Richie Porte è terzo. Aru gli soffia il secondo posto per un solo secondo. Gran prova di Aru. ribadiamo.

PORTE AL TRAGUARDO. 

PORTE SECONDO AL T3. SOLO 9'' DI RITARDO.

FROOME E' SOLO 5^ AL PRIMO INTERMEDIO. PAGA 23'' DA PORTE CHE HA IL MIGLIOR TEMPO AL T1.

17.14 - Arriva Valverde con 56'' di ritardo da Dumoulin. Non una super prova.

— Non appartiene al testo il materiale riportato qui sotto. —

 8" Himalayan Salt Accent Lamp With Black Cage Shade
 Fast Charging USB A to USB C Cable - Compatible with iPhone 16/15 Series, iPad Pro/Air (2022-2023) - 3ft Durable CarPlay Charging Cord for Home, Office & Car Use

Yates 40'' dietro Dumoulin al T2. Guadagna 22'' su Quintana

15^ Mollema al T1. Paga 35'' da Porte.

17.11 - Quintana paga 1' al secondo intermedio.

17.10 - GRAN TEMPO PER ARU, SECONDO CON 12 SECONDI DI RITARDO DA DUMOULIN. GRANDE ARU, GRANDE FABIO ARU!

ARU ALL'ARRIVO.

YATES E' TERZO AL PRIMO INTERMEDIO. 10'' DA PORTE, SOLO 1'' DA DUMOULIN.

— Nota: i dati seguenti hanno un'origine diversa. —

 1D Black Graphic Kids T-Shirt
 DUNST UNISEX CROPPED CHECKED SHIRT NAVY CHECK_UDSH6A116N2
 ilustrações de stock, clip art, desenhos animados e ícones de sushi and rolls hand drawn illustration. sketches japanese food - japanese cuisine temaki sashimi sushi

17.08 - Non una grande prova per Martin che paga più di un minuto a Dumoulin.

Anche Valverde non benissimo al T2.

Quarto Bardet al secondo intermedio.

OTTIMO ARU! SECONDO ANCHE AL T3. SOLO 16'' DA DUMOULIN

17.06 - PERDE RISPETTO AI PRIMI NAIRO QUINTANA. ADDIRITTURA 25 IL COLOMBIANO AL PRIMO INTERMEDIO. PERDE 47''.

17.06 - Quinto Meintjes che recupera molto nel finale! Grande prova per il sudafricano.

17.05 - PAGA AL SECONDO INTERMEDIO PORTE. DUMOULIN TORNA DAVANTI DI 8'' SECONDI.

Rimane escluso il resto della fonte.